Port Townsend police seek man in possible child-abduction attempt

By Charlie Bermant
Peninsula Daily News

PORT TOWNSEND — Police are looking for a man who reportedly approached a sixth-grader on his way to school, offered him candy, told him to come to him and scared the boy.

Child abductions haven’t “happened around here, but it could,” said the boy’s mother.

“We are sleeping, and we need to wake up.”

Port Townsend Police Deputy Chief Mike Evans said that since the Wednesday incident, the department has been seeking a man with a white goatee and missing front teeth who drives a white rusty panel van without windows.

Police want to question him about what may have been a child-abduction attempt.

Evans said he and Police Chief Conner Daily drove through several neighborhoods Friday searching for a van with that description but with no results.

Ashton Hoye, 11, was riding his bike from his home through the woods to Blue Heron Middle School, 3939 San Juan Ave., on Wednesday morning, according to his mother and police.

When he emerged from the path onto the area around Haines and 35th streets, a man was blocking the path.

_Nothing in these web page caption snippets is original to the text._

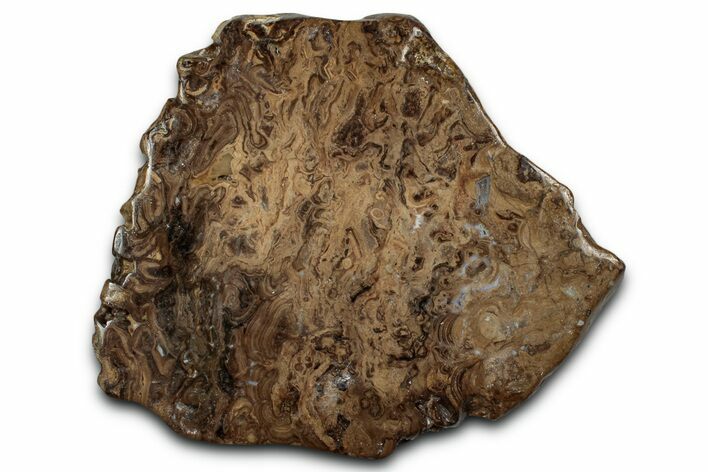 Polished Fossil Stromatolite (Chlorellopsis?) Slab - Wyoming #357274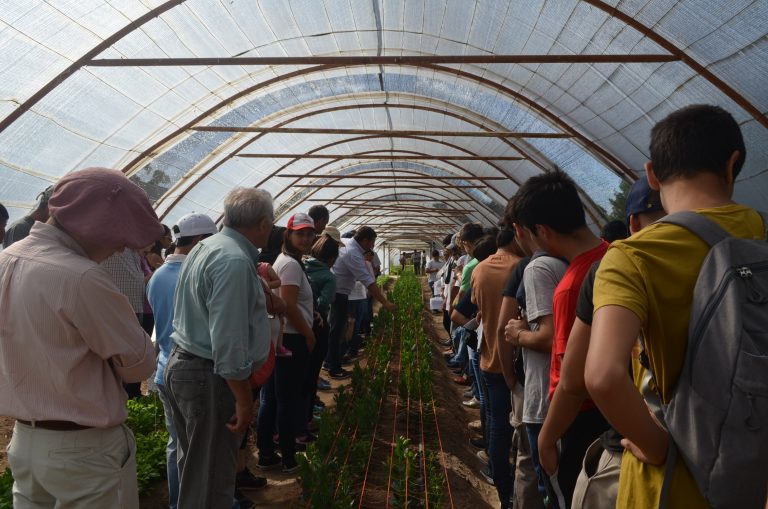 Gran muestra del CERET: Veinte años de fomento y desarrollo sustentable de la horticultura pampeana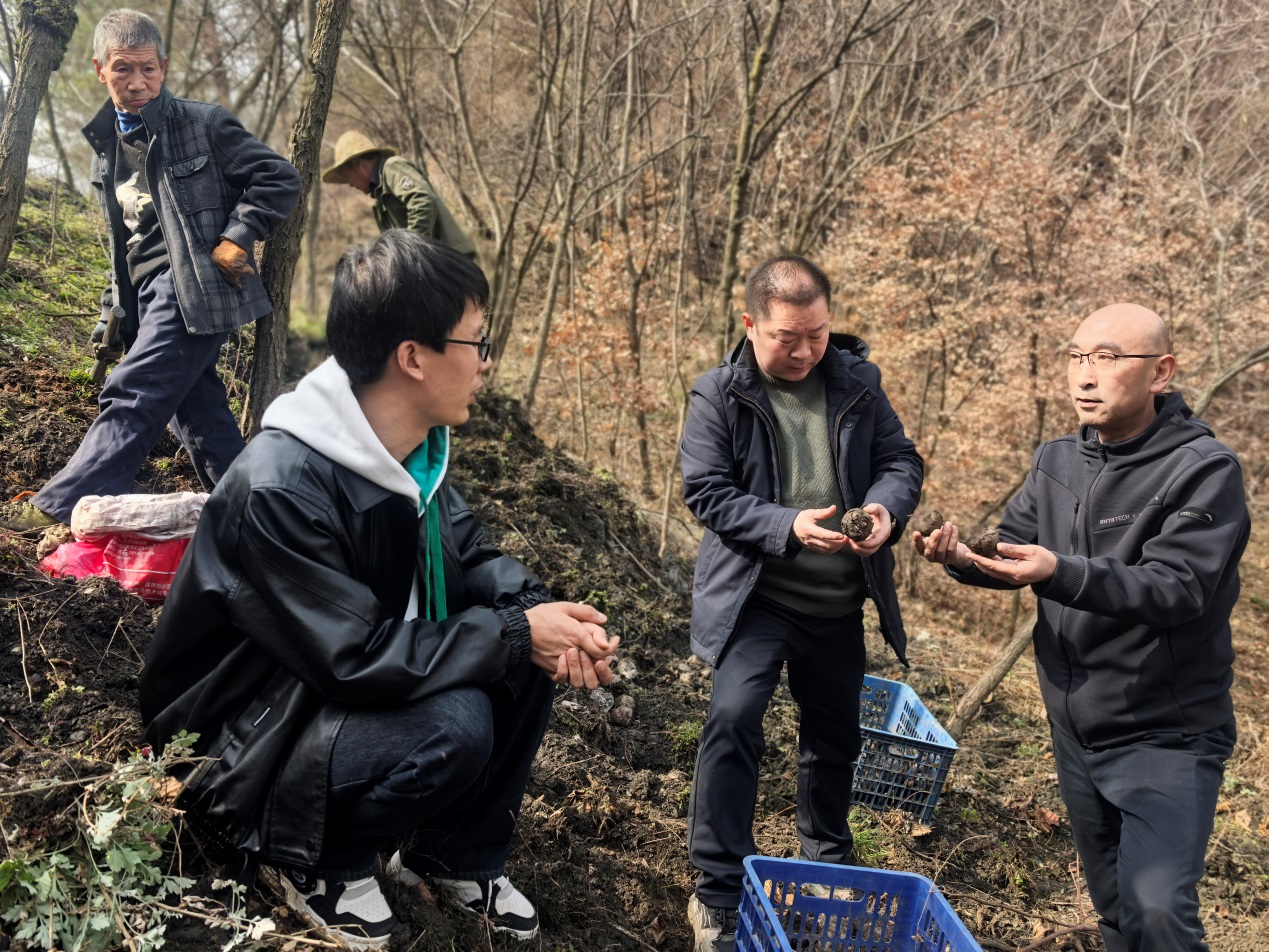 一竞技平台执科技之笔 绘春耕新卷——三抓三促行动下的魔芋产业振兴图(图1)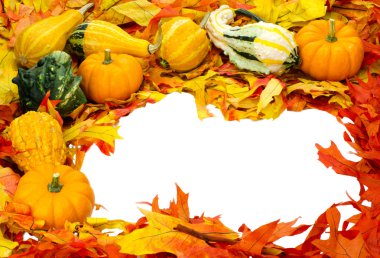 Fall or Thanksgiving or Halloween decoration isolated on white clipart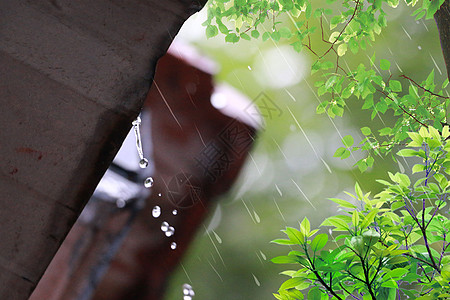 清明佳节清明节的雨设计图片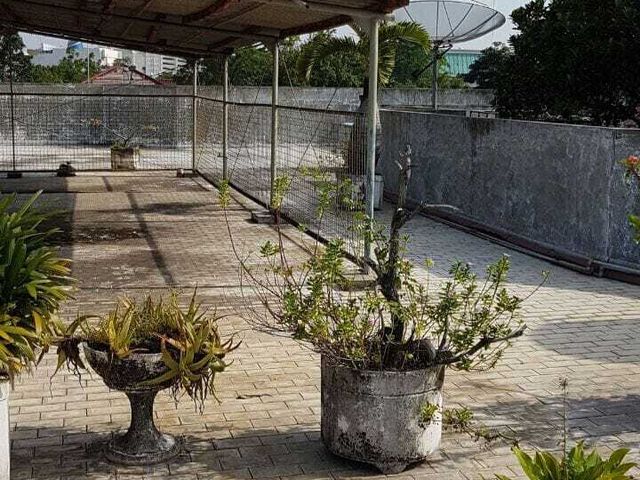 place photo 17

According to an account supplied by Ashton’s mother, Shannon Callahan, the man asked Ashton whether he wanted some candy. The boy replied, “No, thank you,” and the man asked, “Are you sure?”

The man then told Ashton to “come here,” and the boy rode away, Callahan said.

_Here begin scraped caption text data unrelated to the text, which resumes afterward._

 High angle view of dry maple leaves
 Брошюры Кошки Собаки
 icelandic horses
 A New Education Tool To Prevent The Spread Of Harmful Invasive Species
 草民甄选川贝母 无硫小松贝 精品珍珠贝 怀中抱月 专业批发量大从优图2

When he arrived at school at about 8:30 a.m., he reported the encounter to counselor Pam Rogge, who calmed him before calling police at about 9:40 a.m., according to Diane Lashinsky, school principal.

“He did exactly what he was supposed to do in this situation,” Lashinsky said.

Lashinsky was off campus attending a conference Wednesday, so Rogge turned to Scott Wilson, the district’s athletic director, who called police.

Letter sent home

On Thursday, Lashinsky wrote a letter that was taken home by each student alerting parents about the incident, coupled with safety instructions taken from the National Center for Safe Routes to School website.

Instructions include children walking together, wearing bright clothing and developing a password system between parents and children.

Ashton said the man was wearing a dirty white T-shirt, dirty jeans and a blue Oakland A’s baseball cap.

He also told police that the man “looked like he just finished doing drugs.”

Callahan said that when Officer John Bick was taking the report, he questioned the color of the hat since the team’s hat is actually green, but she looked online and found a blue hat that was listed as “vintage.”

Callahan said her son was badly upset.

“He was crying and all shaken up when he was talking to me, and the more he talked about it, the more he cried,” she said.

Callahan said Ashton got close enough to the man and the candy to see that it was a Starburst.

Evans said the department did not have access to a sketch artist who could meet with Ashton in order to create a visual description.

Callahan said police sent her a picture of a white van with no windows. When she showed it to Ashton, he said the van he saw had more rust around the bottom.

“We are taking this very seriously,” Evans said.

“We are distributing the description around the community and are asking people to be vigilant and report anything suspicious immediately.”

Evans said anyone observing such activity should phone 9-1-1.